You can unlist the data.frame and then take a random sample, then put back in a data.frame.
df <- unlist(df)
n <- length(df) * 0.15
df[sample(df, n)] <- NA
as.data.frame(matrix(df, ncol=3))
It can be done a bunch of different ways using sample().
If you are in the mood to use purrr instead of lapply, you can also do it like this:
> library(purrr)
> df <- data.frame(A = 1:10, B = 11:20, C = 21:30)
> df
A B C
1 1 11 21
2 2 12 22
3 3 13 23
4 4 14 24
5 5 15 25
6 6 16 26
7 7 17 27
8 8 18 28
9 9 19 29
10 10 20 30
> map_df(df, function(x) {x[sample(c(TRUE, NA), prob = c(0.8, 0.2), size = length(x), replace = TRUE)]})
# A tibble: 10 x 3
A B C
<int> <int> <int>
1 1 11 21
2 2 12 22
3 NA 13 NA
4 4 14 NA
5 5 15 25
6 6 16 26
7 7 17 27
8 8 NA 28
9 9 19 29
10 10 20 30
Same result, using binomial distribution:
dd=dim(df)
nna=20/100 #overall
df1<-df
df1[matrix(rbinom(prod(dd), size=1,prob=nna)==1,nrow=dd[1])]<-NA
df1
May i suggest a first function (ggNAadd) designed to do this, and improve it with a second function providing graphical distribution of the NAs created (ggNA)
What is neat is the possibility to input either a proportion of a fixed number of NAs.
ggNAadd = function(data, amount, plot=F){
temp <- data
amount2 <- ifelse(amount<1, round(prod(dim(data))*amount), amount)
if (amount2 >= prod(dim(data))) stop("exceeded data size")

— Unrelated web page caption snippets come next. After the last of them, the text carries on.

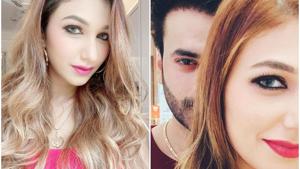 Jasleen Matharu was introduced to Dr Abhinit Gupta by Anup Jalota. Jasleen Matharu was introduced to Dr Abhinit Gupta by Anup Jalota.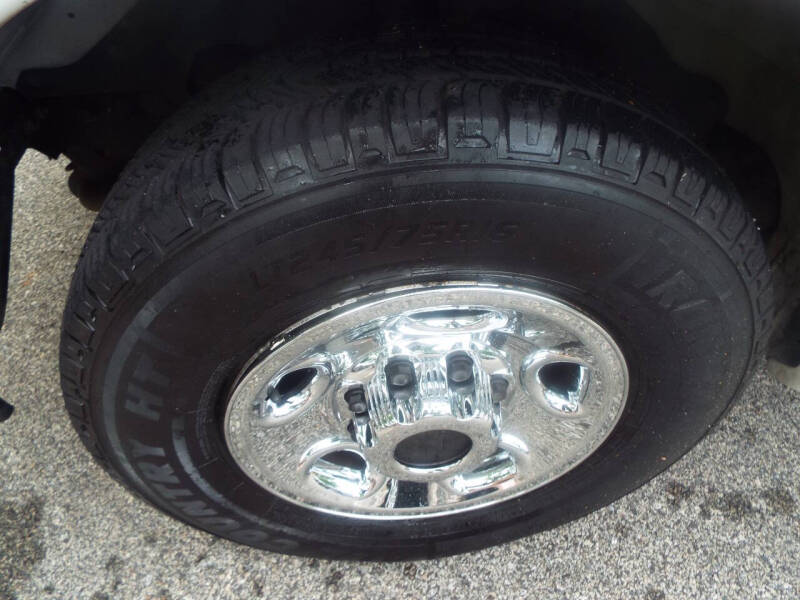 2015 Chevrolet Express 2500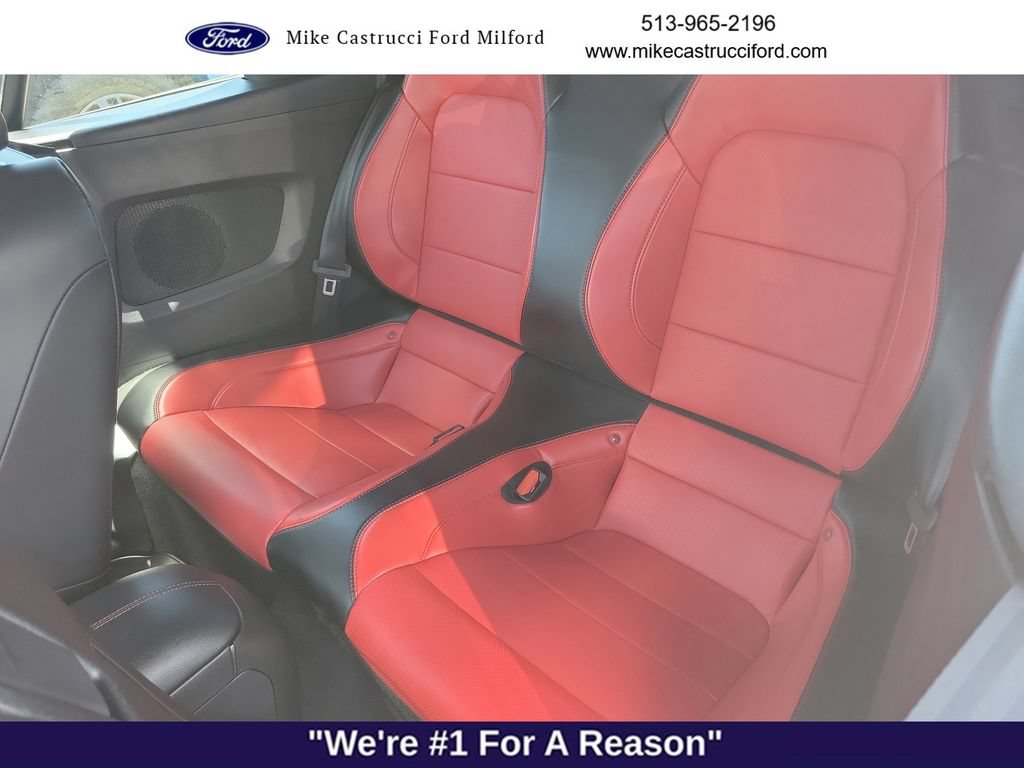 Certified 2021 Ford Mustang GT Premium w/ Equipment Group 401A RWD image 27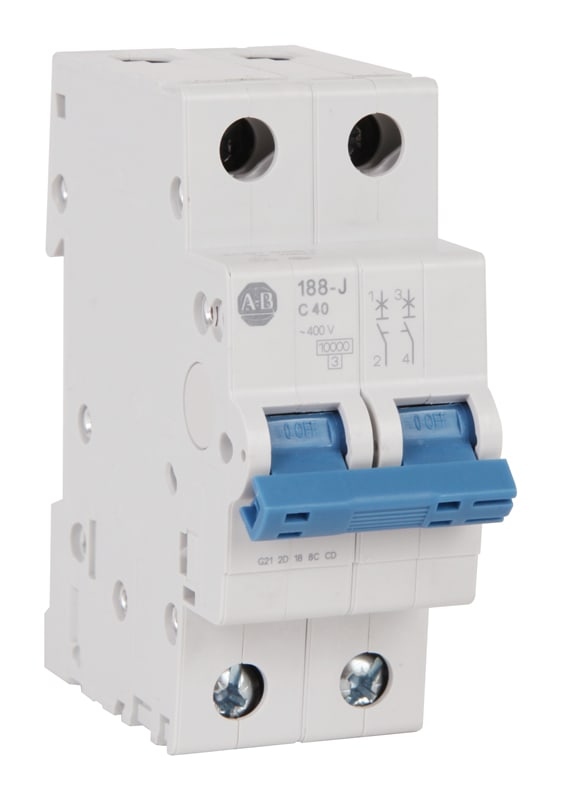 Allen-Bradley MINIATURE CIRCUIT BREAKER 32 A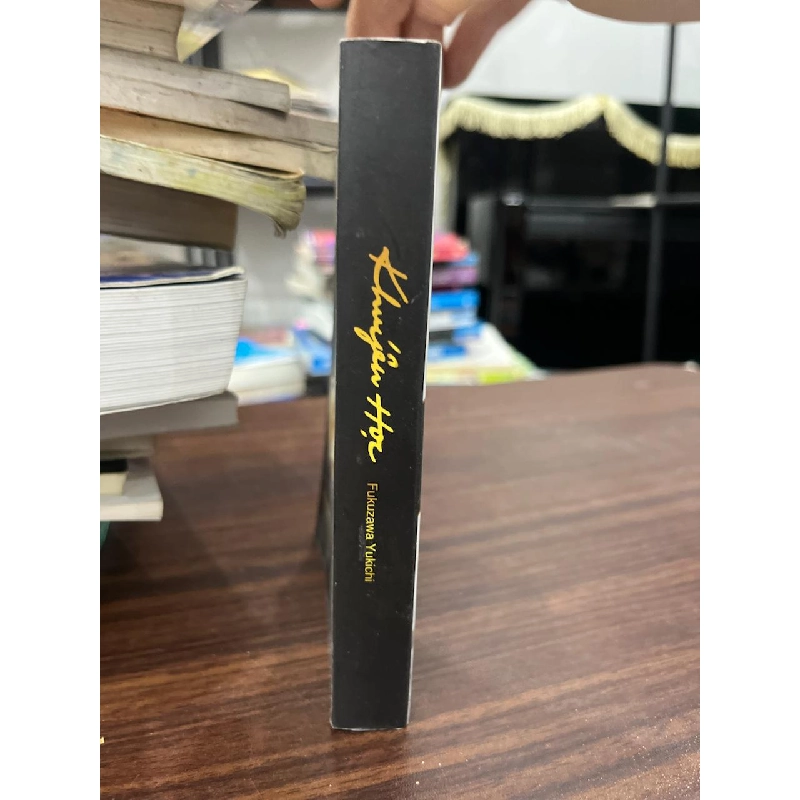 Khuyến Học - Fukuzawa Yukichi 934271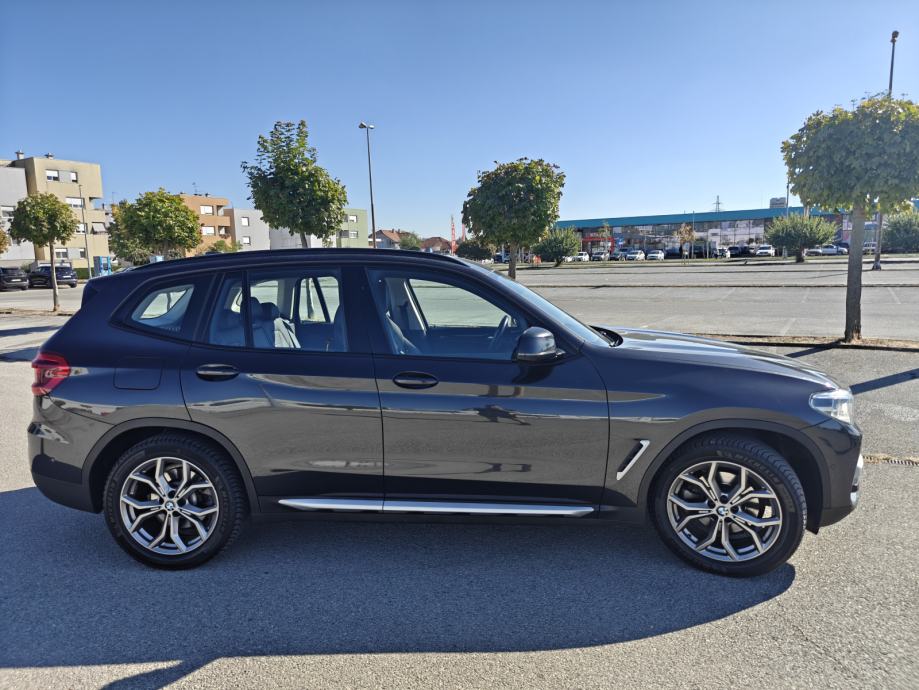 BMW X3 xDrive20d – 190 KS – AUTOMATIK – LED – TOP OPREMA, fotografija 6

for (i in 1:amount2) temp[sample.int(nrow(temp), 1), sample.int(ncol(temp), 1)] <- NA
if (plot) print(ggNA(temp))
return(temp)
}
And the plotting function:
ggNA = function(data, alpha=0.5){
require(ggplot2)
DF <- data
if (!is.matrix(data)) DF <- as.matrix(DF)
to.plot <- cbind.data.frame('y'=rep(1:nrow(DF), each=ncol(DF)),
'x'=as.logical(t(is.na(DF)))*rep(1:ncol(DF), nrow(DF)))
size <- 20 / log( prod(dim(DF)) ) # size of point depend on size of table
g <- ggplot(data=to.plot) + aes(x,y) +
geom_point(size=size, color="red", alpha=alpha) +
scale_y_reverse() + xlim(1,ncol(DF)) +
ggtitle("location of NAs in the data frame") +
xlab("columns") + ylab("lines")
pc <- round(sum(is.na(DF))/prod(dim(DF))*100, 2) # % NA
print(paste("percentage of NA data: ", pc))
return(g)
}
Which gives (using ggplot2 as graphical output):
ggNAadd(df, amount=0.20, plot=TRUE)
## [1] "percentage of NA data: 20"
## A B c
## 1 1 11 21
## 2 2 12 22
## 3 3 13 23
## 4 4 NA 24
## ..
Of course, as mentioned earlier, if you ask too many NAs the actual percentage will drop because of repetitions.
A mutate_all approach:
df %>%
dplyr::mutate_all(~ifelse(sample(c(TRUE, FALSE), size = length(.), replace = TRUE, prob = c(0.8, 0.2)),
as.character(.), NA))